Fuel bills are rising and set to rise again this winter. Heating our homes is becoming more expensive, and it is becoming more important that we stay up to date with deals and offers to keep our costs down.
Whoever your current electricity supplier is, you can almost certainly save money by switching if you haven’t already done so. Switching suppliers sounds complicated but it really isn’t – I’ve just done it and it was very easy to set up (although I’ve yet to receive my first bill from my new supplier or the final bill from the old one so I’ll keep you posted.) If all goes according to plan, by switching supplier and signing up to online billing with a monthly fixed payment, I’ll save a whopping 29% on next year’s electricity.

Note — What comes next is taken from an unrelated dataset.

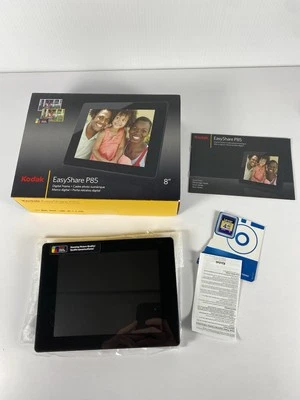 Kodak EasyShare P85 8" Digital Picture Frame (Tested And Working) - Image 1 of 4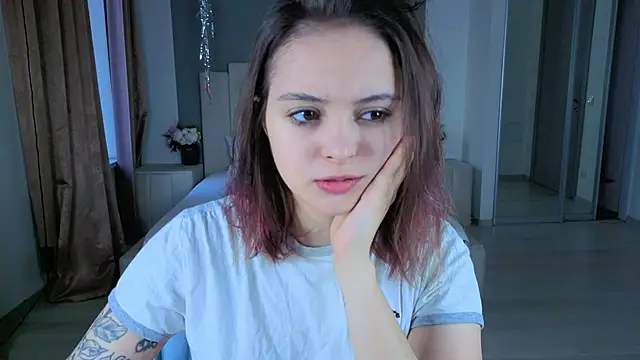 Snapshot of _EVA_GREEN chatting on October 8, 12:25 pm EVA GREEN online show from October 8, 12:25 pm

The easiest way to switch is by using a price comparison website – there are several of these, USwitch being the best known. I also found Energy Choices very user friendly, but for those who do not have access to the internet , Simply Switch offers an excellent telephone switching helpline – 0800 011 1395. Whichever method you use, all you need is your postcode and an idea of your monthly or annual electricity spend. It’s worth looking out your last few bills to get a reasonably accurate figure for this as the tariff you pay will depend on your usage. Before you call or go online, you should also think about how you’d like to pay and whether you’d like to receive paper bills or are happy to be billed online. The cheapest deals available are for online billing and fixed monthly direct debit payment, as these cost less for suppliers to administer. If you want to continue to pay a quarterly paper bill then that will cost slightly more, but if you don’t have internet access at home you can still make a reduction by signing up to monthly payments.

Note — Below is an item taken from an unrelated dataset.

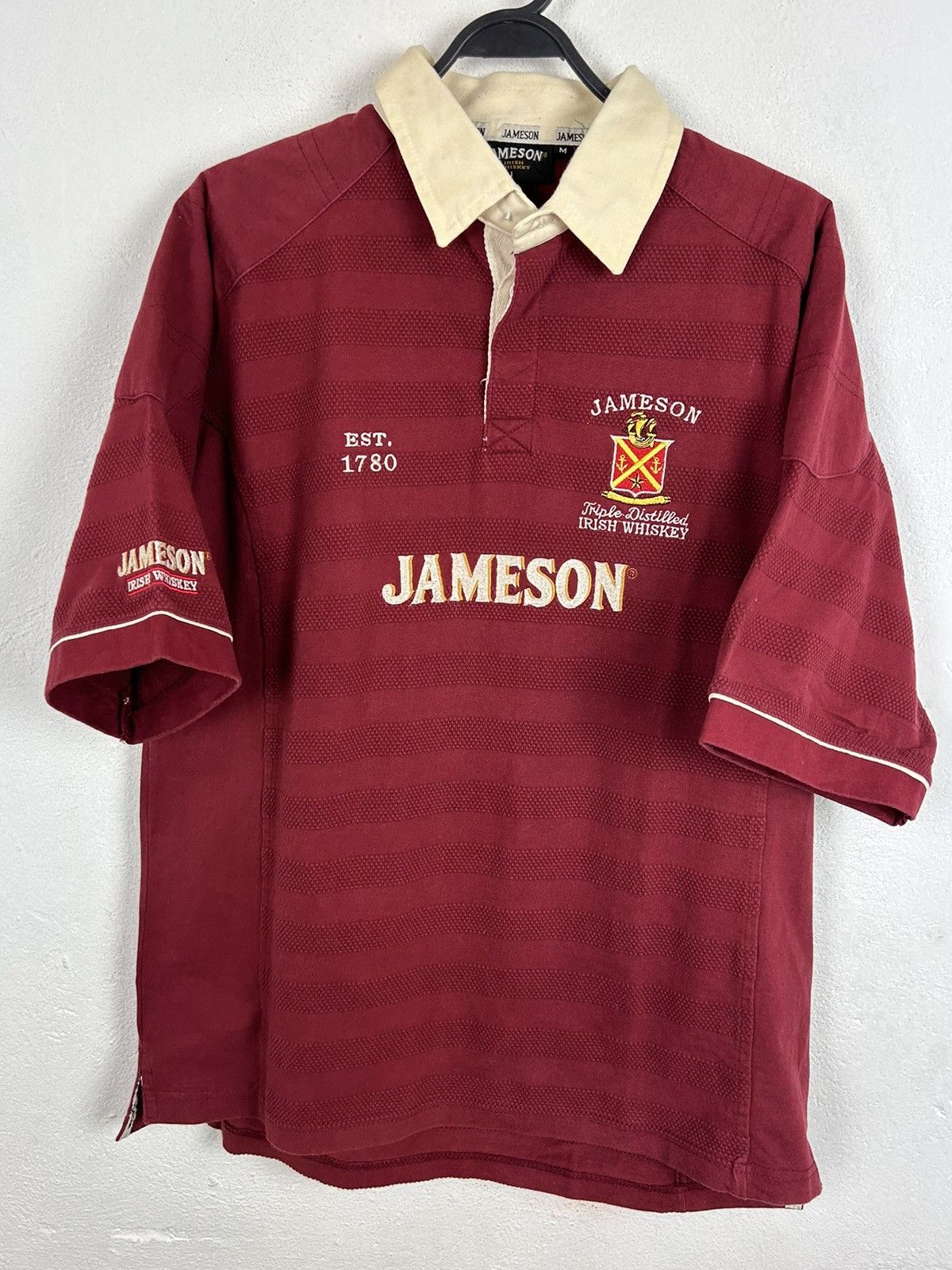 Jameson Irish Whiskey × Vintage 90s Vintage Jameson Irish Whiskey Rugby ...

Once you’ve decided to make the change and supplied your details, your new supplier will take over without any further action from you. You don’t need to contact your old supplier as that will be done for you, and they will send you a final bill –it’s worth checking your meter reading on the date the switch is to happen just so you can check this is accurate.
Many people are entitled to cheaper electricity without realising it – all energy providers must by law offer a social tariff to what are termed ‘vulnerable’ customers, and this must be equal to or cheaper than the provider’s cheapest deal. To qualify, customers generally need to be in receipt of either means tested benefits, Disability Living Allowance or pension credits but this varies from supplier to supplier. Those living in fuel poverty (defined as spending 10% or more of household income on fuel) also qualify. If you fall into one of these categories it’s well worth calling your supplier to ask if you qualify for their social tariff. Information on these tariffs is hard to find on suppliers’ websites, but the helplines do seem to be manned by helpful and well-informed staff. Scottish and Southern appear to offer most, with a 20% discount on costs, regardless of payment methods.
Many people opt to use prepayment meters, but you should think carefully before making this choice. Suppliers need to recover the cost of administering this system and you will typically pay up to a third more for your electricity than if you have a normal account. The exception to this is Scottish Power, which is the only firm to set its prepayment meters at a lower cost than standard. If you are with another supplier, on a low income and a prepayment meter is your only option, think about switching.